Transcribe every record verbatim.

**Material supplied:**
================
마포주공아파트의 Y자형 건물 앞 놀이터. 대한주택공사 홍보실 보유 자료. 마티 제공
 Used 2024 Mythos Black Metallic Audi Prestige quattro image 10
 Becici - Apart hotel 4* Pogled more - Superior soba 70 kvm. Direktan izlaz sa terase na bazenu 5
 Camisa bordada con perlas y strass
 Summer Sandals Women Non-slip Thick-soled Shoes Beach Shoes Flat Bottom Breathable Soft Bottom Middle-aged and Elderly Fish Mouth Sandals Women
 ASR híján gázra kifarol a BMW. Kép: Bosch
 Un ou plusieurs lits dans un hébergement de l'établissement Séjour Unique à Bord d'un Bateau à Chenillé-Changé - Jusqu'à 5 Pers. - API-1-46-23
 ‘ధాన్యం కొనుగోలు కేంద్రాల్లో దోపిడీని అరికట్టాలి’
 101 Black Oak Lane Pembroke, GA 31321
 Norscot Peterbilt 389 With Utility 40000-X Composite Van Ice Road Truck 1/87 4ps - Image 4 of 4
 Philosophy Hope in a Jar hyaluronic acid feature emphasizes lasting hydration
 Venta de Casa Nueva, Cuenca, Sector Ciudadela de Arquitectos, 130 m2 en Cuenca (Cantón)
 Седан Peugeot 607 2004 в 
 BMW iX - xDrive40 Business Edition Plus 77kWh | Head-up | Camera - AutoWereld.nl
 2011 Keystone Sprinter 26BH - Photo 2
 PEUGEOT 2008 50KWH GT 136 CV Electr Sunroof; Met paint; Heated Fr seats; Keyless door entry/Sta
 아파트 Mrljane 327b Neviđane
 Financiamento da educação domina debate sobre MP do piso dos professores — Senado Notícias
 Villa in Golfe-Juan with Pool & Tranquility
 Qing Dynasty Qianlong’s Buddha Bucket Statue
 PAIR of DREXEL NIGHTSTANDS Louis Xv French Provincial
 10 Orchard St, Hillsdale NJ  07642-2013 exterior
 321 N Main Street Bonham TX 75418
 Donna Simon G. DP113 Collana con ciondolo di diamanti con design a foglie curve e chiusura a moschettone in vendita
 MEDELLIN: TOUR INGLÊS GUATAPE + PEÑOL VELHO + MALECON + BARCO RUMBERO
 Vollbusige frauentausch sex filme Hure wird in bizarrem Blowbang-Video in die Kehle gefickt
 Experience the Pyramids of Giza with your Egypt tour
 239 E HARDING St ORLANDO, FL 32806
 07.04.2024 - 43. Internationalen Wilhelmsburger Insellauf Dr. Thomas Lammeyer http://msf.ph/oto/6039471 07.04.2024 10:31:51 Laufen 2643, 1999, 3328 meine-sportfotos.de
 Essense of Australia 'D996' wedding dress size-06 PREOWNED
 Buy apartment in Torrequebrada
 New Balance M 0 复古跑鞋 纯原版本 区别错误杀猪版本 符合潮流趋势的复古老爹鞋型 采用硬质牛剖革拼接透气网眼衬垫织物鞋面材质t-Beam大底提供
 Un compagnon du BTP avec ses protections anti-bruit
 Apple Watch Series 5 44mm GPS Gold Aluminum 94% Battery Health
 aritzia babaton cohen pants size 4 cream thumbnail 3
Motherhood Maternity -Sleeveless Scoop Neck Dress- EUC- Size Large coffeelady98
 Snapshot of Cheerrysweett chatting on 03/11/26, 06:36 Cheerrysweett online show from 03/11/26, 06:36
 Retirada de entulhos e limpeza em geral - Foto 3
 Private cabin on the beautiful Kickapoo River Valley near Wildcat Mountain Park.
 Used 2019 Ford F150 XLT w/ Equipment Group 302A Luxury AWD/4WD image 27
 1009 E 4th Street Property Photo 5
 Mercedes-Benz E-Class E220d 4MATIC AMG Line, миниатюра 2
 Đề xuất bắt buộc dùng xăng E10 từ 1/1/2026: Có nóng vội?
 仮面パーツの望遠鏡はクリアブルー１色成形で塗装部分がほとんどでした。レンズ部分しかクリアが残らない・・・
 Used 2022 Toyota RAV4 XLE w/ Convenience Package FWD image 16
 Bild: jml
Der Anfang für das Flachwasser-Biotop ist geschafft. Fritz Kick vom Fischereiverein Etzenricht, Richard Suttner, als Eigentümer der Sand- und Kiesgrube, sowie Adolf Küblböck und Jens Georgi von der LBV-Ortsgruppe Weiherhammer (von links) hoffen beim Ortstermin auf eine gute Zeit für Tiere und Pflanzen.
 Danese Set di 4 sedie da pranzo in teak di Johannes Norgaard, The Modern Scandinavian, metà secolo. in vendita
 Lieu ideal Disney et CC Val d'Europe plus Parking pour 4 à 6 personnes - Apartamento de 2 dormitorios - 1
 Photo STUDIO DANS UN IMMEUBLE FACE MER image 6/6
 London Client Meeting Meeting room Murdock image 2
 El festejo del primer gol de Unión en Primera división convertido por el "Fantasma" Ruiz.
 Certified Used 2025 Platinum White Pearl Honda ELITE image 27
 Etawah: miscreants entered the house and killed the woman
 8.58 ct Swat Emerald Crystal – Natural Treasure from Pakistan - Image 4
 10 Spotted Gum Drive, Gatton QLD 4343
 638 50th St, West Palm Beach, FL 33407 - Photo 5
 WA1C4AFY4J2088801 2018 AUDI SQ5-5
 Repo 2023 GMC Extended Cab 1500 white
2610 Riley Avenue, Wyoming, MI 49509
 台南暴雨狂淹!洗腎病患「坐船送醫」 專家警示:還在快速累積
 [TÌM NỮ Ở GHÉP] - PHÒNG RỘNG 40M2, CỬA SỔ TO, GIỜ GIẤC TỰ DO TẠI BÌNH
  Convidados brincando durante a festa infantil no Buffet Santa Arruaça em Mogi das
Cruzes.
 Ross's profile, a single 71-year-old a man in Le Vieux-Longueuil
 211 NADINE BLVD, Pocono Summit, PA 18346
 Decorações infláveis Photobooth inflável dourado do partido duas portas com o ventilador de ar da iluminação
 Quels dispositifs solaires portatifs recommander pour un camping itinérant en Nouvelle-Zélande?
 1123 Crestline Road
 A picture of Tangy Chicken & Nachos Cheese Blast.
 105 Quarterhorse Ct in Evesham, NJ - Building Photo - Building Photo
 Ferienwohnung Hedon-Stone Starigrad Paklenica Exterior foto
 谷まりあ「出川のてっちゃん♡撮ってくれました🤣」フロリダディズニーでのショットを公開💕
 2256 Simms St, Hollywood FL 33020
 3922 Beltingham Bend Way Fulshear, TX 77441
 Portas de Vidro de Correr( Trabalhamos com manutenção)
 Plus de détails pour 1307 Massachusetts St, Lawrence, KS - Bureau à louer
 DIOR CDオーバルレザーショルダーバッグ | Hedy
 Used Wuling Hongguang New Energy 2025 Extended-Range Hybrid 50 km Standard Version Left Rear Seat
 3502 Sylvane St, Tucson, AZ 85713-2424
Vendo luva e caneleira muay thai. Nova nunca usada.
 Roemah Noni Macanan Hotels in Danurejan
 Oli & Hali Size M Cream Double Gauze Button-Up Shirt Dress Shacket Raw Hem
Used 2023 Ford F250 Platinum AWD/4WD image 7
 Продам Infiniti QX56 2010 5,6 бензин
================
**Task response:**
마포주공아파트의 Y자형 건물 앞 놀이터. 대한주택공사 홍보실 보유 자료. 마티 제공
 Used 2024 Mythos Black Metallic Audi Prestige quattro image 10
 Becici - Apart hotel 4* Pogled more - Superior soba 70 kvm. Direktan izlaz sa terase na bazenu 5
 Camisa bordada con perlas y strass
 Summer Sandals Women Non-slip Thick-soled Shoes Beach Shoes Flat Bottom Breathable Soft Bottom Middle-aged and Elderly Fish Mouth Sandals Women
 ASR híján gázra kifarol a BMW. Kép: Bosch
 Un ou plusieurs lits dans un hébergement de l'établissement Séjour Unique à Bord d'un Bateau à Chenillé-Changé - Jusqu'à 5 Pers. - API-1-46-23
 ‘ధాన్యం కొనుగోలు కేంద్రాల్లో దోపిడీని అరికట్టాలి’
 101 Black Oak Lane Pembroke, GA 31321
 Norscot Peterbilt 389 With Utility 40000-X Composite Van Ice Road Truck 1/87 4ps - Image 4 of 4
 Philosophy Hope in a Jar hyaluronic acid feature emphasizes lasting hydration
 Venta de Casa Nueva, Cuenca, Sector Ciudadela de Arquitectos, 130 m2 en Cuenca (Cantón)
 Седан Peugeot 607 2004 в 
 BMW iX - xDrive40 Business Edition Plus 77kWh | Head-up | Camera - AutoWereld.nl
 2011 Keystone Sprinter 26BH - Photo 2
 PEUGEOT 2008 50KWH GT 136 CV Electr Sunroof; Met paint; Heated Fr seats; Keyless door entry/Sta
 아파트 Mrljane 327b Neviđane
 Financiamento da educação domina debate sobre MP do piso dos professores — Senado Notícias
 Villa in Golfe-Juan with Pool & Tranquility
 Qing Dynasty Qianlong’s Buddha Bucket Statue
 PAIR of DREXEL NIGHTSTANDS Louis Xv French Provincial
 10 Orchard St, Hillsdale NJ  07642-2013 exterior
 321 N Main Street Bonham TX 75418
 Donna Simon G. DP113 Collana con ciondolo di diamanti con design a foglie curve e chiusura a moschettone in vendita
 MEDELLIN: TOUR INGLÊS GUATAPE + PEÑOL VELHO + MALECON + BARCO RUMBERO
 Vollbusige frauentausch sex filme Hure wird in bizarrem Blowbang-Video in die Kehle gefickt
 Experience the Pyramids of Giza with your Egypt tour
 239 E HARDING St ORLANDO, FL 32806
 07.04.2024 - 43. Internationalen Wilhelmsburger Insellauf Dr. Thomas Lammeyer http://msf.ph/oto/6039471 07.04.2024 10:31:51 Laufen 2643, 1999, 3328 meine-sportfotos.de
 Essense of Australia 'D996' wedding dress size-06 PREOWNED
 Buy apartment in Torrequebrada
 New Balance M 0 复古跑鞋 纯原版本 区别错误杀猪版本 符合潮流趋势的复古老爹鞋型 采用硬质牛剖革拼接透气网眼衬垫织物鞋面材质t-Beam大底提供
 Un compagnon du BTP avec ses protections anti-bruit
 Apple Watch Series 5 44mm GPS Gold Aluminum 94% Battery Health
 aritzia babaton cohen pants size 4 cream thumbnail 3
Motherhood Maternity -Sleeveless Scoop Neck Dress- EUC- Size Large coffeelady98
 Snapshot of Cheerrysweett chatting on 03/11/26, 06:36 Cheerrysweett online show from 03/11/26, 06:36
 Retirada de entulhos e limpeza em geral - Foto 3
 Private cabin on the beautiful Kickapoo River Valley near Wildcat Mountain Park.
 Used 2019 Ford F150 XLT w/ Equipment Group 302A Luxury AWD/4WD image 27
 1009 E 4th Street Property Photo 5
 Mercedes-Benz E-Class E220d 4MATIC AMG Line, миниатюра 2
 Đề xuất bắt buộc dùng xăng E10 từ 1/1/2026: Có nóng vội?
 仮面パーツの望遠鏡はクリアブルー１色成形で塗装部分がほとんどでした。レンズ部分しかクリアが残らない・・・
 Used 2022 Toyota RAV4 XLE w/ Convenience Package FWD image 16
 Bild: jml
Der Anfang für das Flachwasser-Biotop ist geschafft. Fritz Kick vom Fischereiverein Etzenricht, Richard Suttner, als Eigentümer der Sand- und Kiesgrube, sowie Adolf Küblböck und Jens Georgi von der LBV-Ortsgruppe Weiherhammer (von links) hoffen beim Ortstermin auf eine gute Zeit für Tiere und Pflanzen.
 Danese Set di 4 sedie da pranzo in teak di Johannes Norgaard, The Modern Scandinavian, metà secolo. in vendita
 Lieu ideal Disney et CC Val d'Europe plus Parking pour 4 à 6 personnes - Apartamento de 2 dormitorios - 1
 Photo STUDIO DANS UN IMMEUBLE FACE MER image 6/6
 London Client Meeting Meeting room Murdock image 2
 El festejo del primer gol de Unión en Primera división convertido por el "Fantasma" Ruiz.
 Certified Used 2025 Platinum White Pearl Honda ELITE image 27
 Etawah: miscreants entered the house and killed the woman
 8.58 ct Swat Emerald Crystal – Natural Treasure from Pakistan - Image 4
 10 Spotted Gum Drive, Gatton QLD 4343
 638 50th St, West Palm Beach, FL 33407 - Photo 5
 WA1C4AFY4J2088801 2018 AUDI SQ5-5
 Repo 2023 GMC Extended Cab 1500 white
2610 Riley Avenue, Wyoming, MI 49509
 台南暴雨狂淹!洗腎病患「坐船送醫」 專家警示:還在快速累積
 [TÌM NỮ Ở GHÉP] - PHÒNG RỘNG 40M2, CỬA SỔ TO, GIỜ GIẤC TỰ DO TẠI BÌNH
  Convidados brincando durante a festa infantil no Buffet Santa Arruaça em Mogi das
Cruzes.
 Ross's profile, a single 71-year-old a man in Le Vieux-Longueuil
 211 NADINE BLVD, Pocono Summit, PA 18346
 Decorações infláveis Photobooth inflável dourado do partido duas portas com o ventilador de ar da iluminação
 Quels dispositifs solaires portatifs recommander pour un camping itinérant en Nouvelle-Zélande?
 1123 Crestline Road
 A picture of Tangy Chicken & Nachos Cheese Blast.
 105 Quarterhorse Ct in Evesham, NJ - Building Photo - Building Photo
 Ferienwohnung Hedon-Stone Starigrad Paklenica Exterior foto
 谷まりあ「出川のてっちゃん♡撮ってくれました🤣」フロリダディズニーでのショットを公開💕
 2256 Simms St, Hollywood FL 33020
 3922 Beltingham Bend Way Fulshear, TX 77441
 Portas de Vidro de Correr( Trabalhamos com manutenção)
 Plus de détails pour 1307 Massachusetts St, Lawrence, KS - Bureau à louer
 DIOR CDオーバルレザーショルダーバッグ | Hedy
 Used Wuling Hongguang New Energy 2025 Extended-Range Hybrid 50 km Standard Version Left Rear Seat
 3502 Sylvane St, Tucson, AZ 85713-2424
Vendo luva e caneleira muay thai. Nova nunca usada.
 Roemah Noni Macanan Hotels in Danurejan
 Oli & Hali Size M Cream Double Gauze Button-Up Shirt Dress Shacket Raw Hem
Used 2023 Ford F250 Platinum AWD/4WD image 7
 Продам Infiniti QX56 2010 5,6 бензин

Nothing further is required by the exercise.